A través de la película, por su temporalidad, hay elementos del régimen fascista: carteles con lemas, representaciones de Mussolini y el mismo Mussolini acudiendo al circo de Volpe. Geppetto revela el temor hacia los fascistas cuando quiere contener lo que Pinocho dice ante el líder local. Este fascista abomina de pensadores independientes y, por el contrario, anhela al soldado ideal, al grado de afirmar que Pinocho sería un italiano real si fuese soldado imbatible. Pero la cinta no es antifascista: ridiculizar hoy a Mussolini es algo obvio, pues en cualquier escuela primaria del mundo es uno de los malos definitivos. Se trata, en realidad, de un elemento contextual bien manejado, no de una disquisición política reveladora.

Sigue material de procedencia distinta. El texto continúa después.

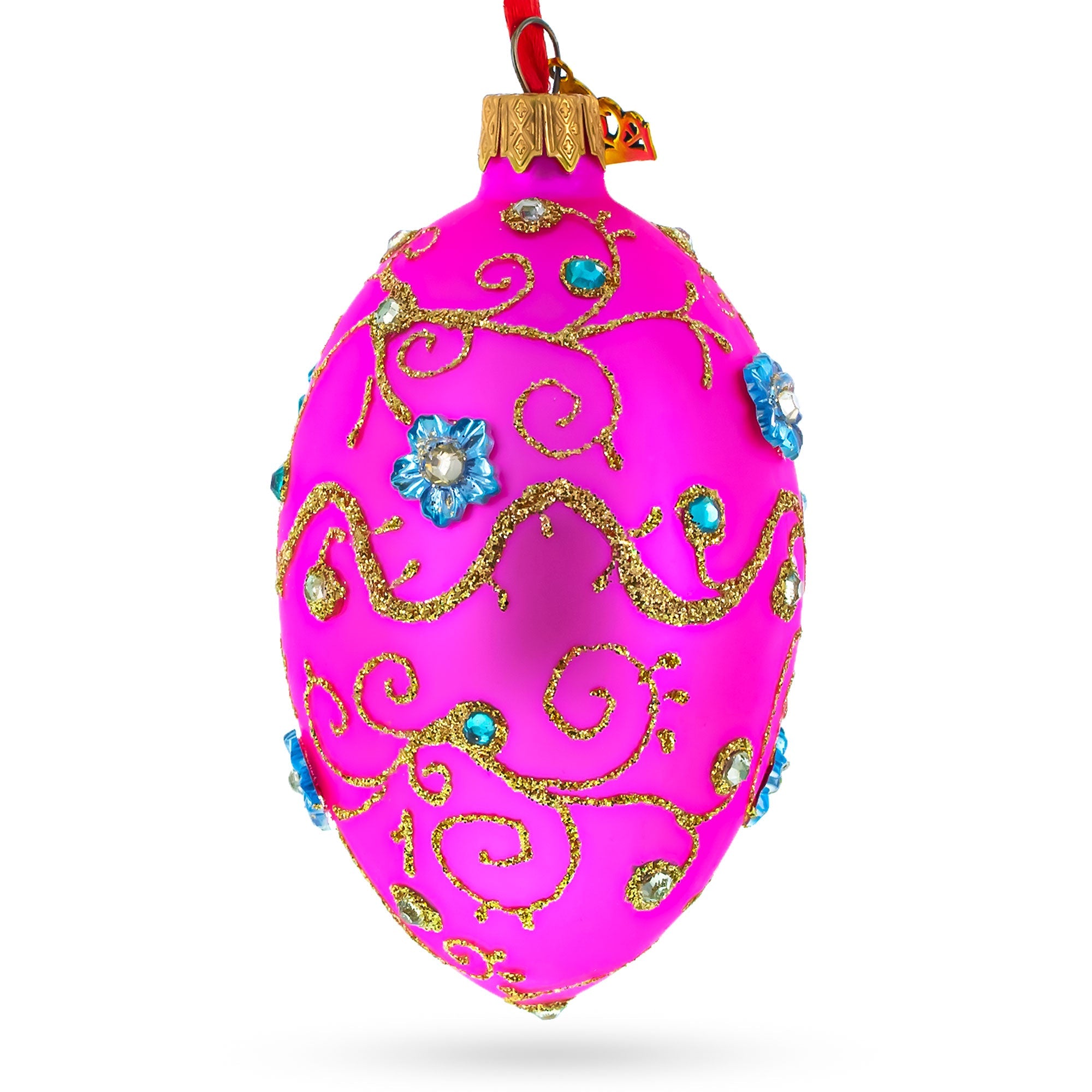 Diamond Flowers On Pink Glass Egg Christmas Ornament 4 Inches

El centro emocional de la película está en otro tema de interés de Del Toro: la relación entre padre e hijo. Geppetto ha permanecido en duelo destructivo, acumulando resentimiento por años por la ausencia definitiva de Carlo. Pinocho es una gracia para aliviarlo, pero la marioneta animada no es como su hijo. Pinocho sabe cómo llegar a la iglesia y la escuela, pero no entiende cosas como el trabajo o la muerte. Es caprichoso. Debe tomar decisiones como obedecer o no a Geppetto sobre ir a la escuela, sin que eso sea dilema, sino sólo titubeo. Para Pinocho el dolor del rechazo se sintetiza en que Geppetto le diga —en un arranque— que es una carga, pero en diálogo con un niño comprende que los padres aman a sus hijos, aunque a veces se desesperen. Con todo, permanece el duro tono de pérdida y fragilidad del amor entre padres e hijos, pues sea amorosa, ausente o de cualquier tipo, la intensidad de este vínculo toca a cualquiera. ¿Esto es virtud fílmica o manipulación de emociones primigenias?

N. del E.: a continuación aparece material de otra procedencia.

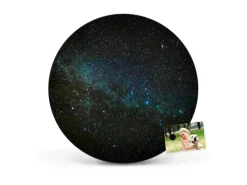 Banjado Magnettafel Rund Größe 47cm Magnetwand Schwarz Aus Metall Magnetpinnwand Pinnwand Motiv Nachthimmel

Hay multitudes que ven el reconocimiento global de una persona, o su obra, como logro magnífico (hoy es factible la centralidad del personaje, aun sin talentos discernibles fuera de la autopromoción). Conseguirlo revela habilidades, muy valoradas actualmente. Del Toro es otra clase de figura: le sobran méritos en la creación de películas de género. Él dice que la animación cuadro por cuadro sería cine de arte, no de género —por su meticuloso trabajo— pero el arte puede ir más allá de la artesanía bella y la moraleja simple: problematiza la vida sin ofrecer soluciones y se involucra con la tradición del lenguaje de cada disciplina, realizándose en la búsqueda. La oleada de premios que el Pinocho de Mark Gustafson y Guillermo del Toro está, y seguirá, acumulando no cambiarán el carácter de su película: un cuento que quizá echará raíces en la cultura popular.